Judge asked to disqualify self in embezzlement case

Ryan Summerlin
Glenwood Springs Post Independent

Charla Farris

Defense attorneys for Charles “Zane” and Charla Farris, a Silt couple accused of embezzlement at a local ranch where they were longtime employees, want a district judge to step away from the case after finding that her brother was victim to a similar crime.

The Farrises were arrested in June, accused of a years-long string of embezzlement at Bear Wallow Ranch, where Charles was the ranch manager and Charla kept the books.
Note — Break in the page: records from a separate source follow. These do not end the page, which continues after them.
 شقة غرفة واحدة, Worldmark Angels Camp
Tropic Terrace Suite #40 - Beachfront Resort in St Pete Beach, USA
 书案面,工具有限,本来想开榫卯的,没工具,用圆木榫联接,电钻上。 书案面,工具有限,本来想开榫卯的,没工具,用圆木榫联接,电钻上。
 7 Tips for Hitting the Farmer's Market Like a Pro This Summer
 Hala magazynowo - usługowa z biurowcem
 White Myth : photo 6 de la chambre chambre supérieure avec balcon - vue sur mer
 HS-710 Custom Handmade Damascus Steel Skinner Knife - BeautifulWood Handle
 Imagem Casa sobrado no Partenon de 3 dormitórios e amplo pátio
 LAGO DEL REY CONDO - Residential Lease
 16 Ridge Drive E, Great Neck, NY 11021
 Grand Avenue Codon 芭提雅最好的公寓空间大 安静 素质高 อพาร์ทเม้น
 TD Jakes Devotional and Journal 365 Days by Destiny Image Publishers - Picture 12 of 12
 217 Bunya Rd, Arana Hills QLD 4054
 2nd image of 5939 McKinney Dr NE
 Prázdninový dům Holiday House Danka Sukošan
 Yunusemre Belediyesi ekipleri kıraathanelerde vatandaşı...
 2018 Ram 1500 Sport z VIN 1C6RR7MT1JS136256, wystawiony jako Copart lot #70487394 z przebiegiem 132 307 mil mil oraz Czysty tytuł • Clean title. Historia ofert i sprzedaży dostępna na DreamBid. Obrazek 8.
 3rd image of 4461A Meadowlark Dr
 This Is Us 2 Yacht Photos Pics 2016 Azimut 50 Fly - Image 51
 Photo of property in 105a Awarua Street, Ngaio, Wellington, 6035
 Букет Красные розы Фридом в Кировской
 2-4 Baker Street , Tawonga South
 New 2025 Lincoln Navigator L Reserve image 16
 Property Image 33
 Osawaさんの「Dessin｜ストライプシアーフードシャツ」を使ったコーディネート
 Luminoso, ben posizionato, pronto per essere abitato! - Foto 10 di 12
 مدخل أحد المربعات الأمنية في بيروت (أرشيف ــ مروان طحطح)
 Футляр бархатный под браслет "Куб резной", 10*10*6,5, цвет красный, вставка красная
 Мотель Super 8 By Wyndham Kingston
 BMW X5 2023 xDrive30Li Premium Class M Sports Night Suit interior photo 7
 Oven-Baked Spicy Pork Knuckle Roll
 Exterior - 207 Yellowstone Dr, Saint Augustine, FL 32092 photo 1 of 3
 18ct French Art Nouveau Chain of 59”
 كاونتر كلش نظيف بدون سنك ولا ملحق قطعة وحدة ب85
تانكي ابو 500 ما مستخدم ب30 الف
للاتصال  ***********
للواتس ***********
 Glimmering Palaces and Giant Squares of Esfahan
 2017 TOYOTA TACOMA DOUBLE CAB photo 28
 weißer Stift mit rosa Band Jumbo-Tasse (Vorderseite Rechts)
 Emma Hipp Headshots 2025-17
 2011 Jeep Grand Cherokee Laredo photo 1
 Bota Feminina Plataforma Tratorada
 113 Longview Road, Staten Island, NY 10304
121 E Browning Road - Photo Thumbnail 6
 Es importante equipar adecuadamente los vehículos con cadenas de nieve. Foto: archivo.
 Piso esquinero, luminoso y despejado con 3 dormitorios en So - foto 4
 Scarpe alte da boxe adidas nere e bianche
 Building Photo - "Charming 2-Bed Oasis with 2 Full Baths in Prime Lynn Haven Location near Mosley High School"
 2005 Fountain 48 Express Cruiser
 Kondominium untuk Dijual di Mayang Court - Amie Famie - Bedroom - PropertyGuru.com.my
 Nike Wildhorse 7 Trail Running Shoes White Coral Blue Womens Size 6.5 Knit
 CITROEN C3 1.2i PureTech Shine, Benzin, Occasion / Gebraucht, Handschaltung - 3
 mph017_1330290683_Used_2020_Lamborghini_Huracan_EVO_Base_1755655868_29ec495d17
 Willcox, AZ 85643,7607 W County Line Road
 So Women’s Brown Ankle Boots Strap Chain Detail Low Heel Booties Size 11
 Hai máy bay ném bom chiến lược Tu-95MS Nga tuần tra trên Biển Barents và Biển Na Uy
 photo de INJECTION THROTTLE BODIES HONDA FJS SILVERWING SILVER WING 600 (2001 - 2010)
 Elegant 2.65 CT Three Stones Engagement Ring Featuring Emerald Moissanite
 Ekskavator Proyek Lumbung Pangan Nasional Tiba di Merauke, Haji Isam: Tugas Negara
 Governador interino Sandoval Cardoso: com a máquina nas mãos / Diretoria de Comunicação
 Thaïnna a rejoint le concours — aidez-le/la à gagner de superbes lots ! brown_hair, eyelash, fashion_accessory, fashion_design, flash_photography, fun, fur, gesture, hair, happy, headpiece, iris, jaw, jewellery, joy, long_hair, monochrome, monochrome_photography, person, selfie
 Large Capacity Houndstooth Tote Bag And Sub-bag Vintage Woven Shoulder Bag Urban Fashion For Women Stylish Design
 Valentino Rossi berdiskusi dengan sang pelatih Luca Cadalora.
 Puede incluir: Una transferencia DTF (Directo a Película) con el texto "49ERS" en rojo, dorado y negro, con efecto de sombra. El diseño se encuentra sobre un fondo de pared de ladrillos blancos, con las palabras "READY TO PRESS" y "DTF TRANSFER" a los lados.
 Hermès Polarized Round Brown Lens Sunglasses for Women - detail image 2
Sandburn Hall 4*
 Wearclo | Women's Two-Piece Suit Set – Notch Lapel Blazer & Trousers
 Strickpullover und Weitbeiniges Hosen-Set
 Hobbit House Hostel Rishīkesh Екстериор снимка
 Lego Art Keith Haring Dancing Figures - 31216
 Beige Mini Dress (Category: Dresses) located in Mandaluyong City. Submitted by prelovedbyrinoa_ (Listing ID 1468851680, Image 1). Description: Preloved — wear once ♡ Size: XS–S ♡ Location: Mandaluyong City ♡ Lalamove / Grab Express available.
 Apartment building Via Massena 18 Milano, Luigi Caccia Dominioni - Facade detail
Bear Wallow, a 2,600-acre working ranch up Canyon Creek Road west of Glenwood Springs, is principally owned by the CEO of Waffle House Inc. The following month the couple’s two adult sons, Tyler and Dustin Farris, turned themselves in on felony theft warrants stemming from the same case. After eight months of investigation, authorities contended that the Farrises, who had worked at the ranch for more than 25 years, stole more than $1 million from the ranch, according to an arrest affidavit.

Charles and Charla Farris are each facing two counts of felony theft from $100,000 to $1 million and four felony counts of ID theft. Their two sons are each facing felony theft, from $5,000 to $20,000.

Alongside these criminal cases is a counterpart in civil court.

“At some unknown time during their employment with Bear Wallow, Zane and Charla, and ultimately the entire Farris Family, began defrauding and stealing from Bear Wallow by numerous methods,” according to the civil complaint against them.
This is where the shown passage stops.